## Brief
The entries are to be duplicated exactly, though any picture in them must be omitted.

------------------------------------------------------------

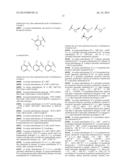 IMIDAZOPYRIDINE COMPOUNDS, COMPOSITIONS AND METHODS OF USE diagram and image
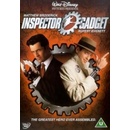 Inspector Gadget DVD
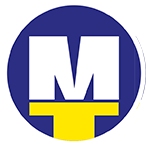 Logo Metal-Tech Ltd.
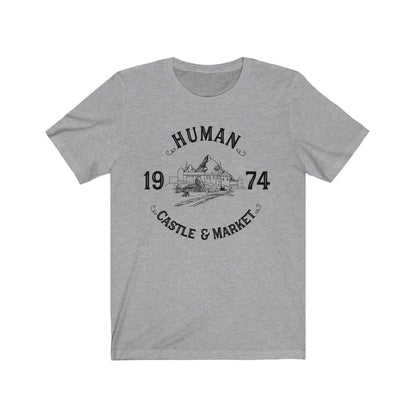 Human Tee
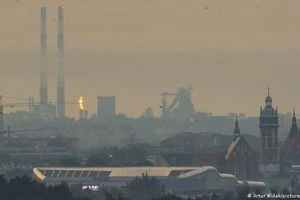 خلال عام واحد.. التلوث يقتل 238 ألف شخص في الاتحاد الأوروبي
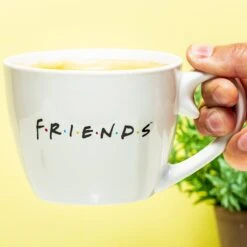 Friends Central Perk Cappuccino Mok -Keukengerei Verkoop 1200x1200 1238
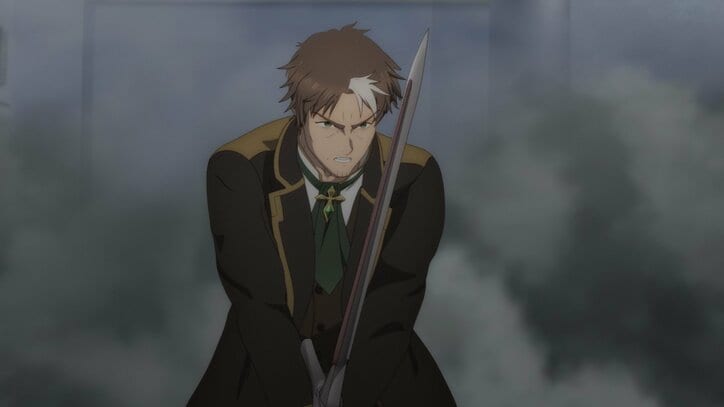 [Photos/Images] An Ominous Shadow Creeps Over the Princess’s Guard… Anime “From Old Country Bumpkin to Master Swordsman” Episode 10 Synopsis & Preview Stills Revealed 3rd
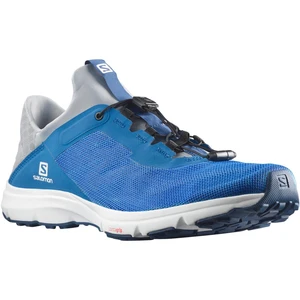 Salomon Amphib Bold 2 EU 45 ⅓, Sky Diver/Quarry/Estate Blue Pánské boty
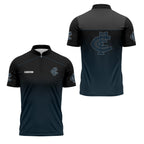 Carlton Blues Apparels SC001
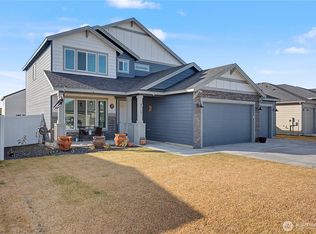 4717 W Thrush Street, Moses Lake, WA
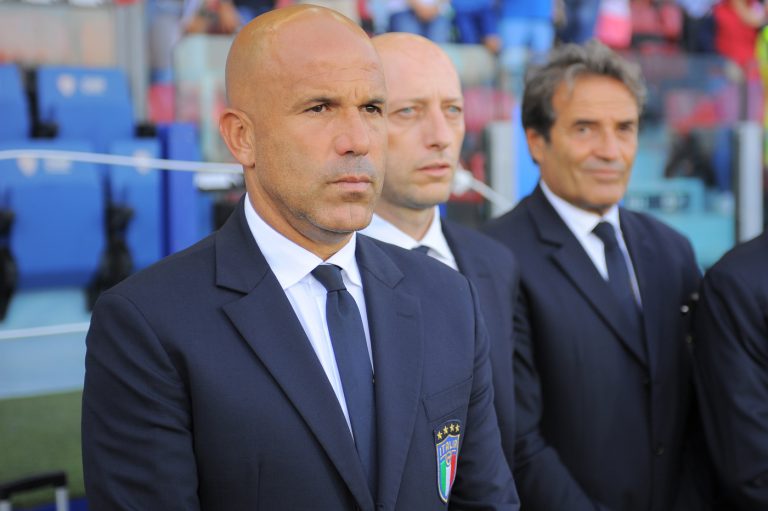 Under 21 Di Biagio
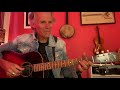 Brooks Williams - What Wondrous Love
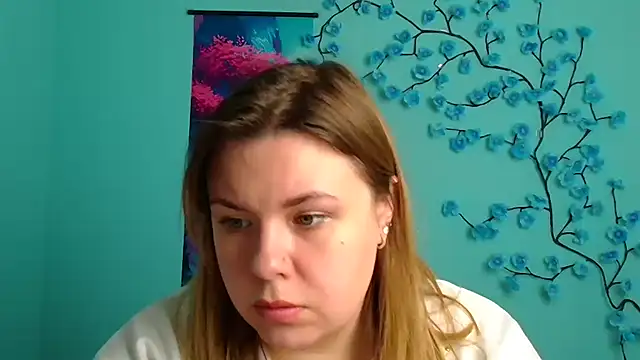 SusannaNight online show from 11, 11, 2025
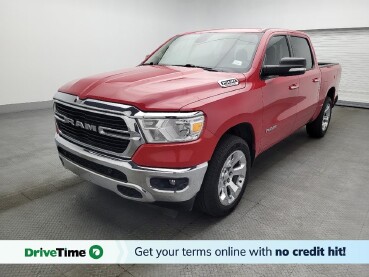 2019 RAM 1500 in Ocala, FL 34471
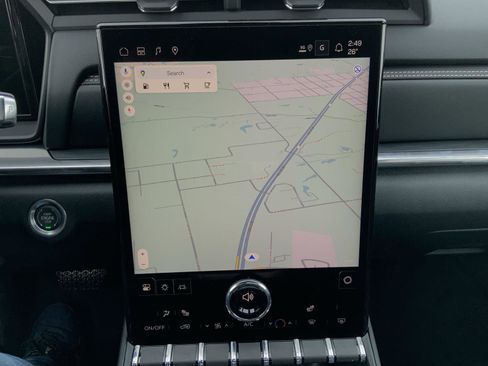 New 2026 GMC Terrain Elevation image 42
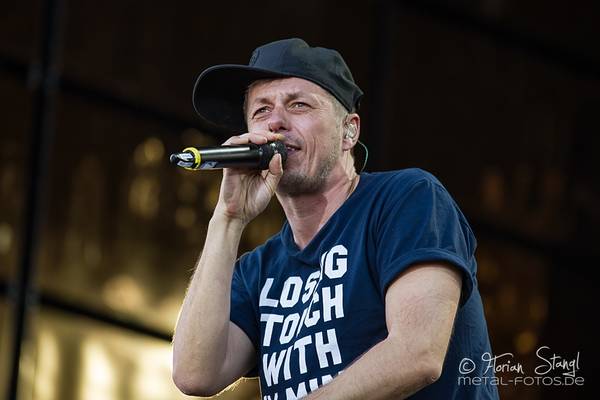 Bild: Rock im Park 2014: Tag 3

------------------------------------------------------------

## Task answer
 IMIDAZOPYRIDINE COMPOUNDS, COMPOSITIONS AND METHODS OF USE diagram and image
 Inspector Gadget DVD
 Logo Metal-Tech Ltd.
 Human Tee
 خلال عام واحد.. التلوث يقتل 238 ألف شخص في الاتحاد الأوروبي
 Friends Central Perk Cappuccino Mok -Keukengerei Verkoop 1200x1200 1238
 [Photos/Images] An Ominous Shadow Creeps Over the Princess’s Guard… Anime “From Old Country Bumpkin to Master Swordsman” Episode 10 Synopsis & Preview Stills Revealed 3rd
 Salomon Amphib Bold 2 EU 45 ⅓, Sky Diver/Quarry/Estate Blue Pánské boty
 Carlton Blues Apparels SC001
 4717 W Thrush Street, Moses Lake, WA
 Under 21 Di Biagio
 Brooks Williams - What Wondrous Love
 SusannaNight online show from 11, 11, 2025
 2019 RAM 1500 in Ocala, FL 34471
 New 2026 GMC Terrain Elevation image 42
 Bild: Rock im Park 2014: Tag 3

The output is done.